##### RECORD EXCERPTS

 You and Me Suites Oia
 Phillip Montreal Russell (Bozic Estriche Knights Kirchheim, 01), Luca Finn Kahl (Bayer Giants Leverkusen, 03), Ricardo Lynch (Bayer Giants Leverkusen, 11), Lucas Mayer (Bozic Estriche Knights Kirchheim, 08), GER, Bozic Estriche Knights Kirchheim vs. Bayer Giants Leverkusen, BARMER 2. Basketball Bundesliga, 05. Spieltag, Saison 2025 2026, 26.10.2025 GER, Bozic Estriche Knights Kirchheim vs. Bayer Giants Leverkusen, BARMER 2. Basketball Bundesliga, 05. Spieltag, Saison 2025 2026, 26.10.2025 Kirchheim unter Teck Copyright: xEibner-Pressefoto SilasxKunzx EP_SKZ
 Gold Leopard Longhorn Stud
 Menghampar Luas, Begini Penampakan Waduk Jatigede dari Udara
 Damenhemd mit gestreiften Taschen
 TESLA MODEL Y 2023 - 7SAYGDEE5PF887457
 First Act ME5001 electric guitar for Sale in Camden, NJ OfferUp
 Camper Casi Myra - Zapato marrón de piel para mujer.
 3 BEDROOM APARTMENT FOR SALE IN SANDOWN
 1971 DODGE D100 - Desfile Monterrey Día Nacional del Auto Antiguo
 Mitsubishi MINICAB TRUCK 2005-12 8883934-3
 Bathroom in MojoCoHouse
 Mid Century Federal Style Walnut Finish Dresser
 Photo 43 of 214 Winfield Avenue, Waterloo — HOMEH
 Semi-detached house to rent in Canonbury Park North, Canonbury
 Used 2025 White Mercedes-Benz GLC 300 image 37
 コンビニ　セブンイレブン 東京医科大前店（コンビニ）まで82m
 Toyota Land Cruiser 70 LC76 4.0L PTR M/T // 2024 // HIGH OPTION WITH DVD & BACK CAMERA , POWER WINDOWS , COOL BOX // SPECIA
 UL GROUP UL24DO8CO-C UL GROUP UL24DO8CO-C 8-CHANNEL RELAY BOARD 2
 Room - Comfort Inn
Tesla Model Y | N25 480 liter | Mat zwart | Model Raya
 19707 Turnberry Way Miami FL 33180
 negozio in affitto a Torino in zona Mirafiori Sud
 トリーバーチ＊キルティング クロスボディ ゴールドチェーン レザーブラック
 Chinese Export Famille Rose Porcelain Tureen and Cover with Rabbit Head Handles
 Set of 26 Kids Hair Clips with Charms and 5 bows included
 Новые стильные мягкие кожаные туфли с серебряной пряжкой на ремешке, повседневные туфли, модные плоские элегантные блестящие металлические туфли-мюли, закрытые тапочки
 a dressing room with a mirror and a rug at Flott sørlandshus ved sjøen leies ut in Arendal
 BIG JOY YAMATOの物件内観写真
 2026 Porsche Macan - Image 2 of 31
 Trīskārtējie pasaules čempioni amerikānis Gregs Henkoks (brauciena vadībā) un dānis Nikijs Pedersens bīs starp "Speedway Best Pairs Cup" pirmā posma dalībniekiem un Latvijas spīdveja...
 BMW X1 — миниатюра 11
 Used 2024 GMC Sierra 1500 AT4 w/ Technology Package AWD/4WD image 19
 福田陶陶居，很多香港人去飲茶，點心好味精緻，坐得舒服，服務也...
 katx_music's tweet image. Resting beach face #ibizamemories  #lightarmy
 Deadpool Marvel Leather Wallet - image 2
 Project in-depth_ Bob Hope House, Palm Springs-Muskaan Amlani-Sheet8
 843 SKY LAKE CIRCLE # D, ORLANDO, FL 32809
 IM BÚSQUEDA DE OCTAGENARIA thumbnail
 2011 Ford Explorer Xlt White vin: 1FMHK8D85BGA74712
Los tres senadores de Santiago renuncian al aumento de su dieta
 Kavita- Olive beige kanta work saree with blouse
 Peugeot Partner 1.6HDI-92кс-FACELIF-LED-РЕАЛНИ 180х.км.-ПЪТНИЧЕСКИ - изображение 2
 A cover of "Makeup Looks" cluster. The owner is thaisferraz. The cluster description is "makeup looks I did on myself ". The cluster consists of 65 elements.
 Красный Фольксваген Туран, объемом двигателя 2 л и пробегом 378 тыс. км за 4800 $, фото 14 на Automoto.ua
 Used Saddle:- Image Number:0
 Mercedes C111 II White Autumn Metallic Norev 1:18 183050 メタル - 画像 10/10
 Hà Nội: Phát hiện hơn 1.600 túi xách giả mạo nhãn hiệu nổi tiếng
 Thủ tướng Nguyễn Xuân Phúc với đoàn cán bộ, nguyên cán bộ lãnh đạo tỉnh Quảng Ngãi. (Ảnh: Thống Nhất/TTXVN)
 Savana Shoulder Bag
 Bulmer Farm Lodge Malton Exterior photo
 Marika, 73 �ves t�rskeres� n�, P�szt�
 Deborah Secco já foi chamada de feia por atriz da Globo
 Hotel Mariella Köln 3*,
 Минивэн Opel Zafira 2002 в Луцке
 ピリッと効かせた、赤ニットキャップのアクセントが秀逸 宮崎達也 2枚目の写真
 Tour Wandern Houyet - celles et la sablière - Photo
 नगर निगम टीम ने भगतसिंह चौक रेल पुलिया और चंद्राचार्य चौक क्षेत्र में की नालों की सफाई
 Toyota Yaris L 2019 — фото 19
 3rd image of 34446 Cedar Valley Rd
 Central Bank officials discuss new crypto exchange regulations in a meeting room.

##########

- ACTION ITEM
Repeat the material above in full. Match it exactly.

- YOUR SOLUTION
 You and Me Suites Oia
 Phillip Montreal Russell (Bozic Estriche Knights Kirchheim, 01), Luca Finn Kahl (Bayer Giants Leverkusen, 03), Ricardo Lynch (Bayer Giants Leverkusen, 11), Lucas Mayer (Bozic Estriche Knights Kirchheim, 08), GER, Bozic Estriche Knights Kirchheim vs. Bayer Giants Leverkusen, BARMER 2. Basketball Bundesliga, 05. Spieltag, Saison 2025 2026, 26.10.2025 GER, Bozic Estriche Knights Kirchheim vs. Bayer Giants Leverkusen, BARMER 2. Basketball Bundesliga, 05. Spieltag, Saison 2025 2026, 26.10.2025 Kirchheim unter Teck Copyright: xEibner-Pressefoto SilasxKunzx EP_SKZ
 Gold Leopard Longhorn Stud
 Menghampar Luas, Begini Penampakan Waduk Jatigede dari Udara
 Damenhemd mit gestreiften Taschen
 TESLA MODEL Y 2023 - 7SAYGDEE5PF887457
 First Act ME5001 electric guitar for Sale in Camden, NJ OfferUp
 Camper Casi Myra - Zapato marrón de piel para mujer.
 3 BEDROOM APARTMENT FOR SALE IN SANDOWN
 1971 DODGE D100 - Desfile Monterrey Día Nacional del Auto Antiguo
 Mitsubishi MINICAB TRUCK 2005-12 8883934-3
 Bathroom in MojoCoHouse
 Mid Century Federal Style Walnut Finish Dresser
 Photo 43 of 214 Winfield Avenue, Waterloo — HOMEH
 Semi-detached house to rent in Canonbury Park North, Canonbury
 Used 2025 White Mercedes-Benz GLC 300 image 37
 コンビニ　セブンイレブン 東京医科大前店（コンビニ）まで82m
 Toyota Land Cruiser 70 LC76 4.0L PTR M/T // 2024 // HIGH OPTION WITH DVD & BACK CAMERA , POWER WINDOWS , COOL BOX // SPECIA
 UL GROUP UL24DO8CO-C UL GROUP UL24DO8CO-C 8-CHANNEL RELAY BOARD 2
 Room - Comfort Inn
Tesla Model Y | N25 480 liter | Mat zwart | Model Raya
 19707 Turnberry Way Miami FL 33180
 negozio in affitto a Torino in zona Mirafiori Sud
 トリーバーチ＊キルティング クロスボディ ゴールドチェーン レザーブラック
 Chinese Export Famille Rose Porcelain Tureen and Cover with Rabbit Head Handles
 Set of 26 Kids Hair Clips with Charms and 5 bows included
 Новые стильные мягкие кожаные туфли с серебряной пряжкой на ремешке, повседневные туфли, модные плоские элегантные блестящие металлические туфли-мюли, закрытые тапочки
 a dressing room with a mirror and a rug at Flott sørlandshus ved sjøen leies ut in Arendal
 BIG JOY YAMATOの物件内観写真
 2026 Porsche Macan - Image 2 of 31
 Trīskārtējie pasaules čempioni amerikānis Gregs Henkoks (brauciena vadībā) un dānis Nikijs Pedersens bīs starp "Speedway Best Pairs Cup" pirmā posma dalībniekiem un Latvijas spīdveja...
 BMW X1 — миниатюра 11
 Used 2024 GMC Sierra 1500 AT4 w/ Technology Package AWD/4WD image 19
 福田陶陶居，很多香港人去飲茶，點心好味精緻，坐得舒服，服務也...
 katx_music's tweet image. Resting beach face #ibizamemories  #lightarmy
 Deadpool Marvel Leather Wallet - image 2
 Project in-depth_ Bob Hope House, Palm Springs-Muskaan Amlani-Sheet8
 843 SKY LAKE CIRCLE # D, ORLANDO, FL 32809
 IM BÚSQUEDA DE OCTAGENARIA thumbnail
 2011 Ford Explorer Xlt White vin: 1FMHK8D85BGA74712
Los tres senadores de Santiago renuncian al aumento de su dieta
 Kavita- Olive beige kanta work saree with blouse
 Peugeot Partner 1.6HDI-92кс-FACELIF-LED-РЕАЛНИ 180х.км.-ПЪТНИЧЕСКИ - изображение 2
 A cover of "Makeup Looks" cluster. The owner is thaisferraz. The cluster description is "makeup looks I did on myself ". The cluster consists of 65 elements.
 Красный Фольксваген Туран, объемом двигателя 2 л и пробегом 378 тыс. км за 4800 $, фото 14 на Automoto.ua
 Used Saddle:- Image Number:0
 Mercedes C111 II White Autumn Metallic Norev 1:18 183050 メタル - 画像 10/10
 Hà Nội: Phát hiện hơn 1.600 túi xách giả mạo nhãn hiệu nổi tiếng
 Thủ tướng Nguyễn Xuân Phúc với đoàn cán bộ, nguyên cán bộ lãnh đạo tỉnh Quảng Ngãi. (Ảnh: Thống Nhất/TTXVN)
 Savana Shoulder Bag
 Bulmer Farm Lodge Malton Exterior photo
 Marika, 73 �ves t�rskeres� n�, P�szt�
 Deborah Secco já foi chamada de feia por atriz da Globo
 Hotel Mariella Köln 3*,
 Минивэн Opel Zafira 2002 в Луцке
 ピリッと効かせた、赤ニットキャップのアクセントが秀逸 宮崎達也 2枚目の写真
 Tour Wandern Houyet - celles et la sablière - Photo
 नगर निगम टीम ने भगतसिंह चौक रेल पुलिया और चंद्राचार्य चौक क्षेत्र में की नालों की सफाई
 Toyota Yaris L 2019 — фото 19
 3rd image of 34446 Cedar Valley Rd
 Central Bank officials discuss new crypto exchange regulations in a meeting room.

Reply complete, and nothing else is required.